The message has been received, with the federal government and the provinces offering more help with the Canada Emergency Commercial Rent Assistance program.
“This program will provide support to help small businesses with their rent for the months of April, May and June,” Prime Minister Justin Trudeau announced on Thursday.
Details still need to be worked out with the provinces, which set rent policy, but it’s expected the program could provide some forgivable loans to ease the pressure of paying commercial rent.
“It’s hugely beneficial for us as a restaurant. It could literally make or break us here,” said Darren Keane, manager of Vancouver’s OEB Breakfast Co.
His restaurant, like many others, has been working with the landlord to buy time, but the federal announcement is a huge relief.
“(It) provides our members with some confidence that they will be able to stay open, and be able to pay some of those operating costs until they can once again open under social distancing measures,” said Mark von Schellwitz, Restaurants Canada’s vice-president of Western Canada.
The federal government is also relaxing the rules on the Canada Emergency Business Account for those small businesses that had fallen through the cracks. Interest-free loans of up to $40,000 had been made available to businesses and non-profits with payrolls between, $50,000 and $1 million. Now, it’s been expanded to include those who paid between $20,000 and $1.5 million in total payroll in 2019.
If the company can repay the balance of the loan by the end of 2022, up to $10,000 will be forgiven.
The B.C. government has also offered more help in the way of commercial property tax relief, by reducing the school tax portion of property tax bills. The province says it could amount to an average 25 per cent reduction in the total commercial property tax bill for most businesses, providing up to $700 million in relief. It follows a previous 50 per cent reduction to the provincial school property tax rate.

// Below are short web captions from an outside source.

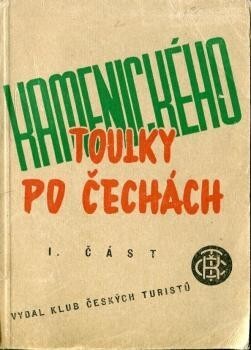 Kamenického toulky po Čechách.Díl první,(Střední Čechy s částí pražského okolí, Český ráj, Pojizeří, Podkrkonoší, Broumovsko, Českomoravská vysočina s Železnými horami a přilehlými kraji na západě)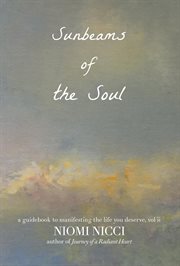 Sunbeams of the Soul : A Guidebook To Manifesting The Life You Deserve cover image cdn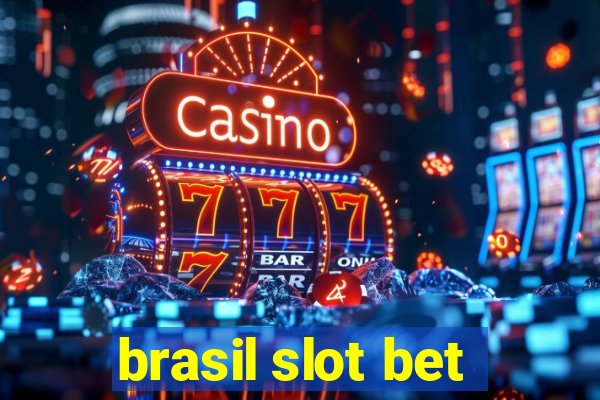 brasil slot bet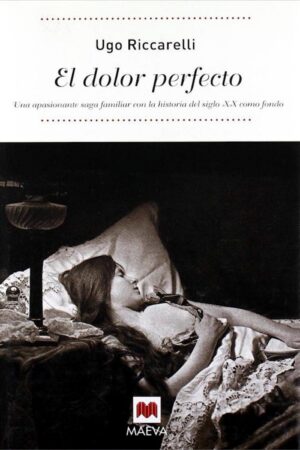 El dolor perfecto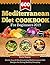 Mediterranean Diet Cookbook...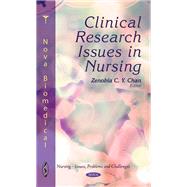 Clinical Research Issues in Nursing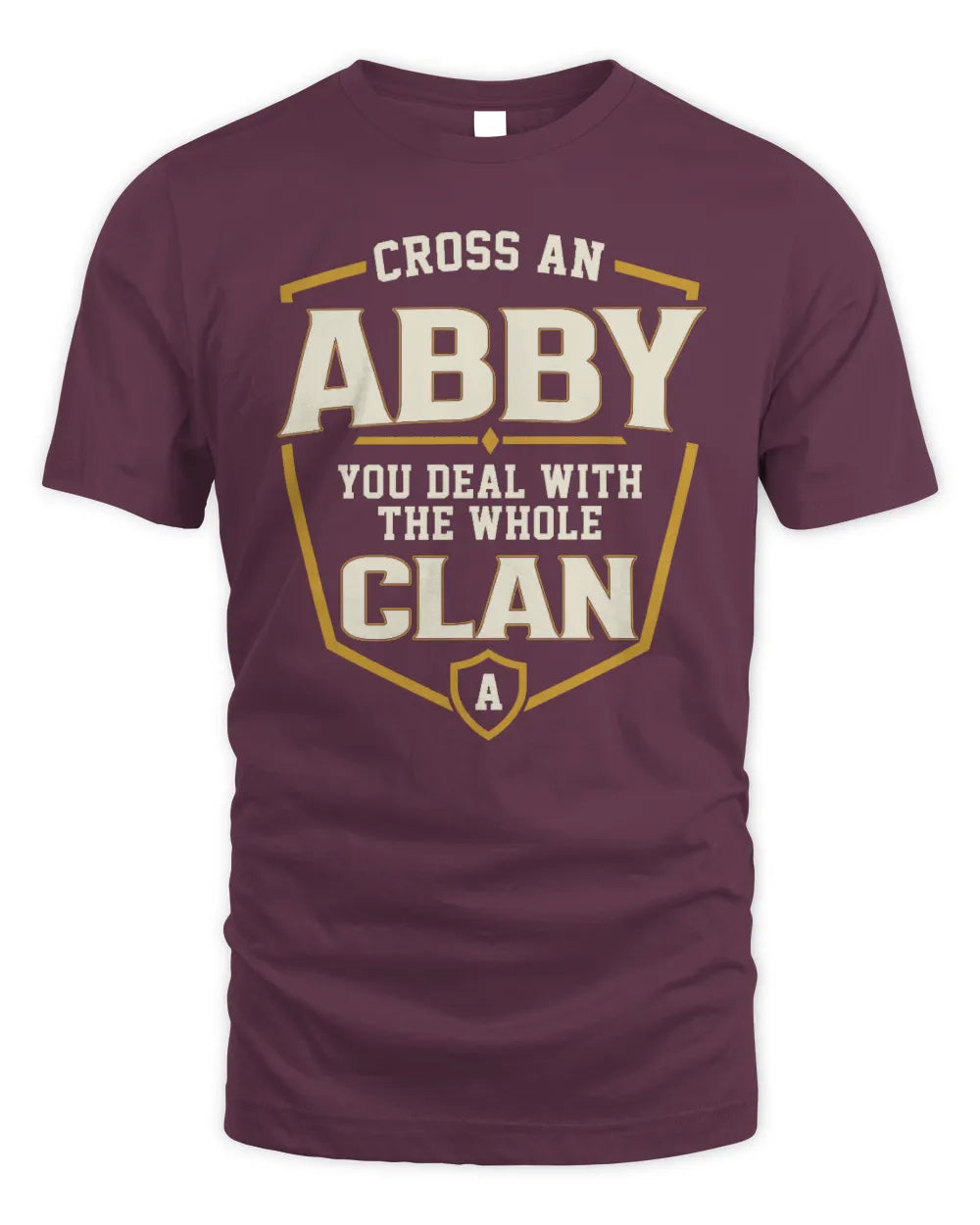 ABBY NT1-K008 Cross A/An NAME, You Deal With the Whole Clan | Personalized Vintage T-Shirt - Unisex Standard T-Shirt - Maroon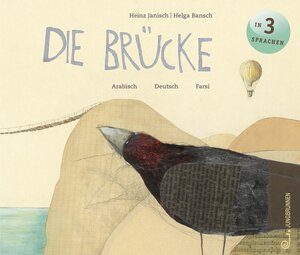 Buchcover Die Brücke - arabisch/farsi/deutsch | Heinz Janisch | EAN 9783702659295 | ISBN 3-7026-5929-3 | ISBN 978-3-7026-5929-5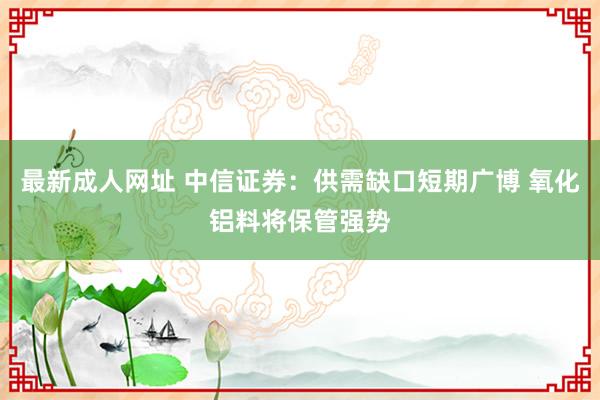 最新成人网址 中信证券：供需缺口短期广博 氧化铝料将保管强势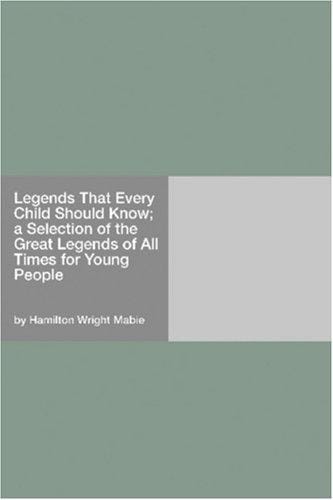 Legends That Every Child Should Know; a Selection of the Great Legends of All Times for Young People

“If I’m putting on my small, medium-sized business lens, I’m thinking: ‘Hey, today I’ve been given a little bit more life support and some extended cash runway to make it through this crisis,’” said Val Litwin, president and CEO of the BC Chamber of Commerce.
Litwin also hopes improved access to federal emergency loans will broaden the definition of how payroll is considered and take into account entrepreneurs who don’t have employees, per se.
“One might be entrepreneurs who pay themselves dividends, not through a payroll mechanism, so a T5, but also contractors would be a T4A right now - this just applies to T4s,” he said.
The good news is that these programs are being tweaked to accommodate those in need, but many businesses like OEB aren’t just waiting for handouts. They are getting creative, doing whatever they can to stay afloat. However, revenues are still way down and the majority of their employees have been furloughed.
“Whatever the government can do to help us out in this time of crisis is a benefit, these days more than ever,” said Keane.